A Scottish secondary teacher today told the education secretary that for the first time in a career spanning over 25 years she is regularly using the words “unsafe and abusive” to describe her job.
Earlier in the day - on the first day of the Scottish Secondary Teachers’ Association annual congress, which is taking place in Crieff - Louisa Maestranzi, an art and design teacher from Ayrshire, also said that it had become the norm to be sworn at, with teachers told “every day, if not two or three times a day” to “F-off”.
And Ms Maestranzi was not the only teacher at congress to raise the issue.
The first day of the SSTA congress was dominated by concerns about pupil behaviour - as well as the use of an unproven “mixed bag of interventions” to deal with it and the lack of training for teachers in the strategies they might deploy.
In her address to congress, SSTA president Catherine Nicol said educators in secondary schools had been “hit by a tidal wave of distressed behaviours”.
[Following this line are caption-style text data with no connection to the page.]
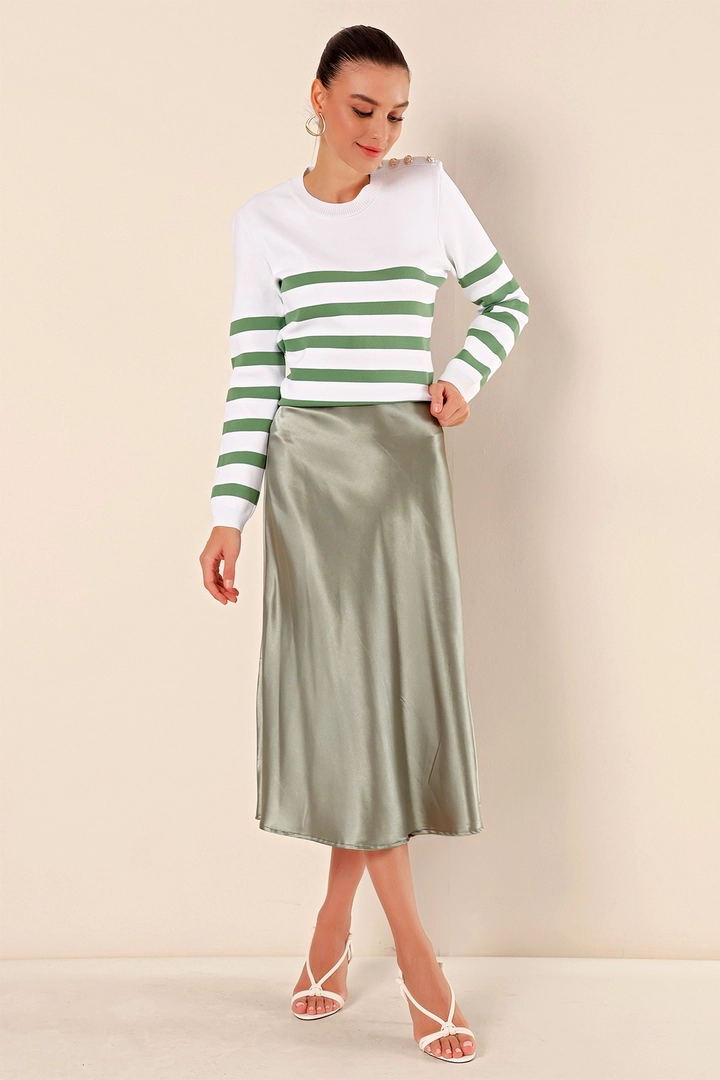 A wholesale clothing model wears big10210-satin-skirt-çağla, Turkish wholesale Skirt of Bigdart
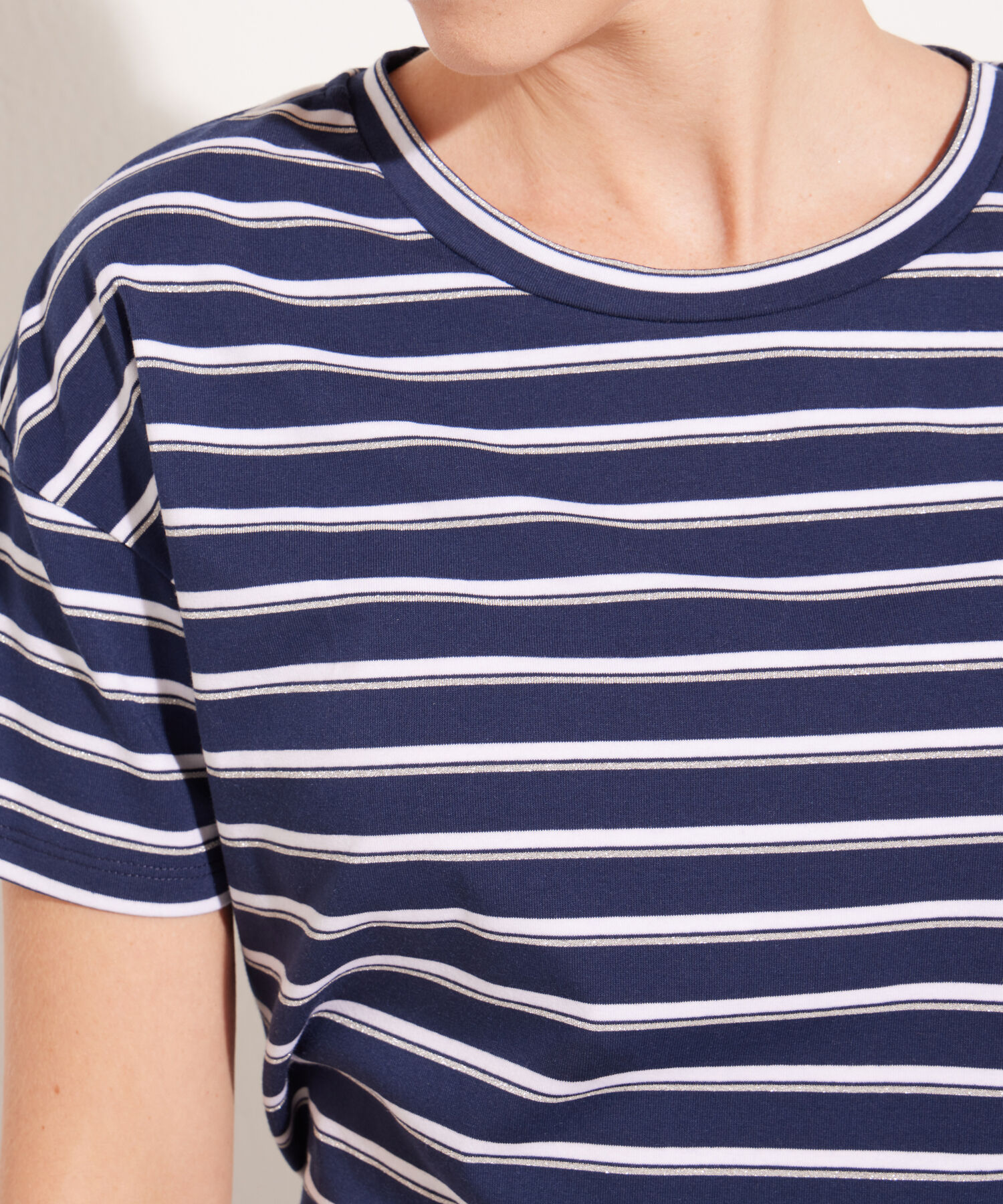 Camiseta Manga Corta Corrida Preteñida Con Cuello Redondo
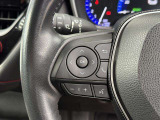 ステアリング左側にはディスプレイ操作のボタンや音量ボタン・ハンズフリーのボタンが御座いますので運転に集中してお使いいただくことが出来ます!!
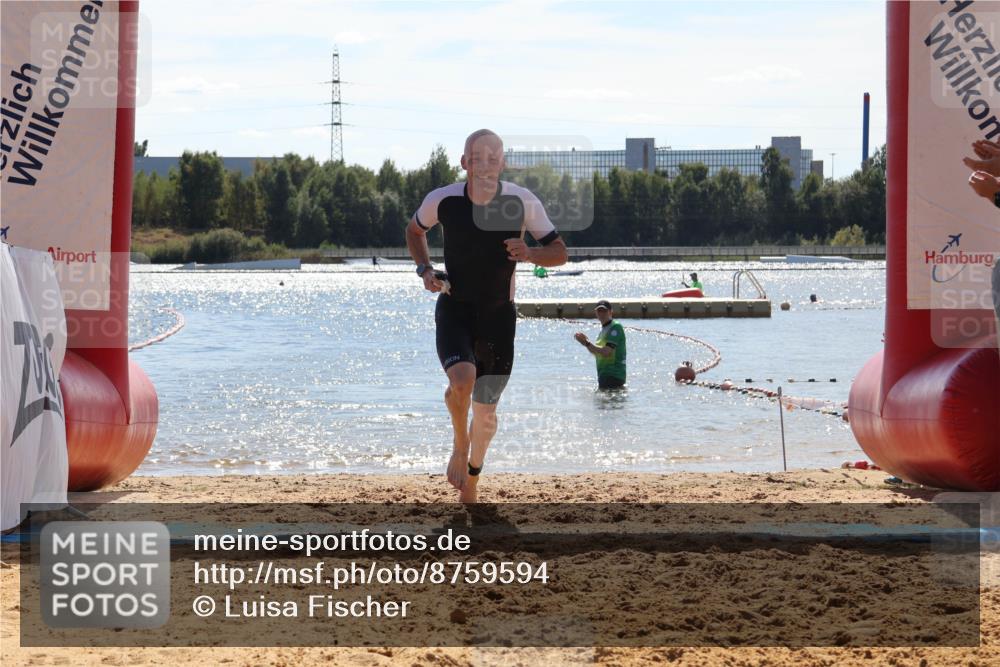 07.09.2025 - 19. Norderstedt Triathlon Luisa Fischer http://msf.ph/oto/8759594 07.09.2025 13:50:09 Schwimmen 420 meine-sportfotos.de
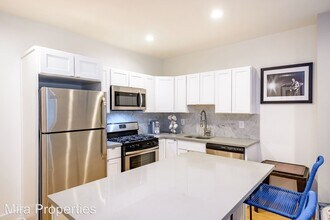 33 S 11th St in Philadelphia, PA - Building Photo - Building Photo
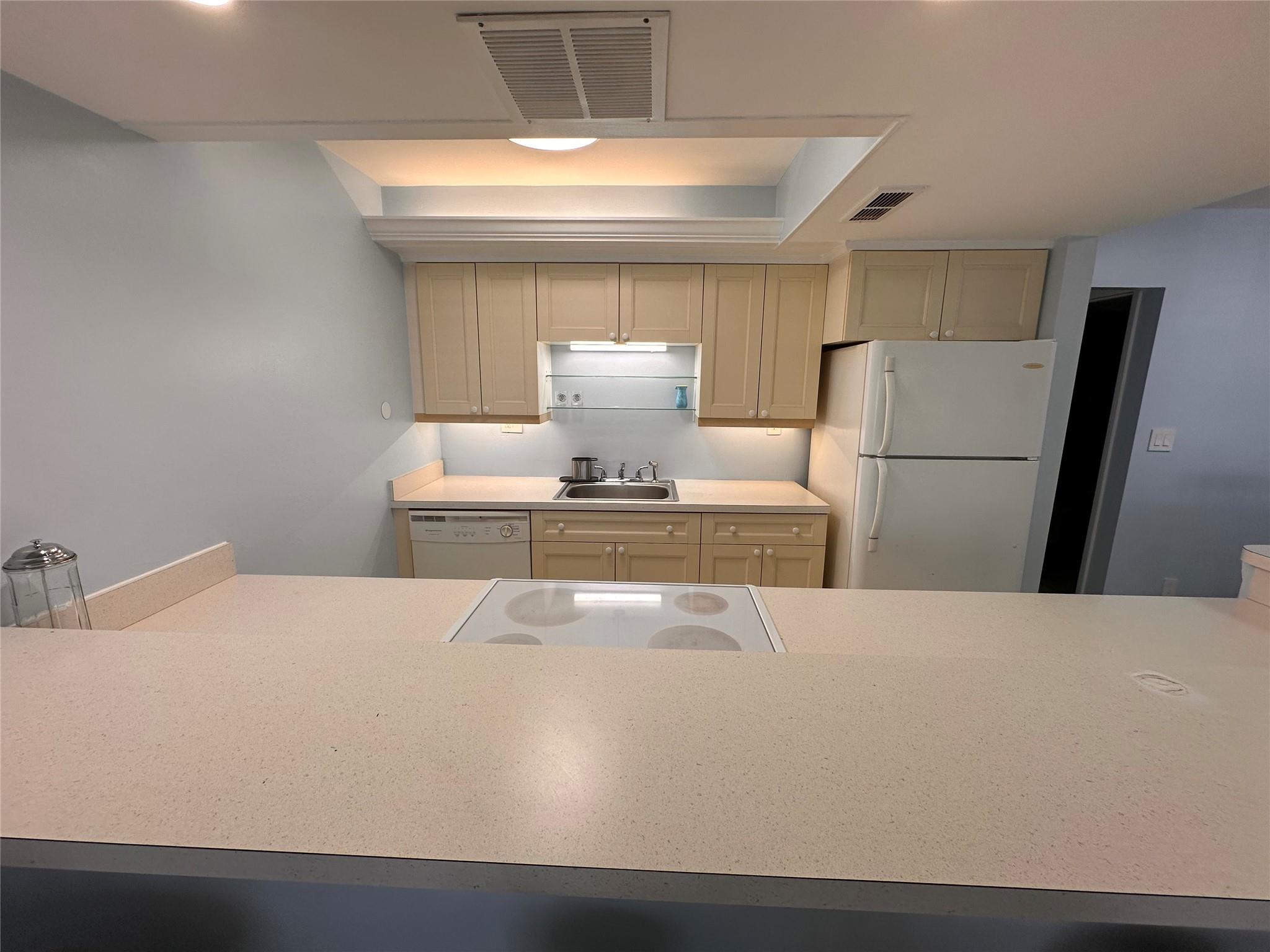 CROWN COLONY CLUB CONDO - Residential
She said that pupils would “refuse point blank to engage in even the simplest of tasks” like sitting in their allocated seats; that “a critical mass of class members are downright rude to staff and each other”; and that “disrespect and selfishness are the order of the day”.
She said in many schools, teachers are faced with “torrents of verbal abuse during lessons” and that the number of violent incidents reported is increasing.
“There is an increasing sense that classrooms are not safe learning spaces for staff or pupils,” she said.
Responding to Ms Maestranzi - who asked what steps the education secretary was going to take to protect teachers - Ms Gilruth, who addressed congress this afternoon, said: “There is no place in our schools for violent behaviour.”
She acknowledged “there are real challenges in our schools at the current time” and there had been “a shift in behaviour” - although she questioned if the extreme incidents reported in the press represented the “whole picture”.
She said that poor behaviour impacted learning and teaching and “the way you are able to deliver course content”, and that the government would be publishing relationship and behaviour research later this year which would give “the national picture”.
She also said that Education Scotland had carried out a review of how bullying in school is monitored that had flagged issues with reporting and that the next stage of their work would be to disseminate good practice.
However, when asked later by Tes Scotland if she would be providing schools with additional resources to deal with the rise in challenging behaviour, Ms Gilruth said: “There is an assumption that staffing is going to solve this and I just don’t think it is. We need to think about those partners. It’s not just about schools - we expect schools to do so much. We need to think about social work and about these wider partnerships that can feed into schools.
“We’ve got more teachers in our schools than we have ever had, I think, since the 1980s so I’m not necessarily sure it’s always about more teachers. I think it’s about that specialist support and wraparound provision from wider partners.”
But Ms Maestranzi disagreed - when you had issues of internal truancy and pupils wandering the corridors you needed people able to “get them back to a classroom and support them to stay there”.
She told Tes Scotland: “You can’t do it because you are teaching a class; deputes can’t do it because they are meeting a parent. We have not got the people present in the school to actually do the small, regular behaviour support. It’s not having a go at the kids. It’s constantly nurturing and encouraging them like a parent - but we know being a parent takes a lot of time and energy.”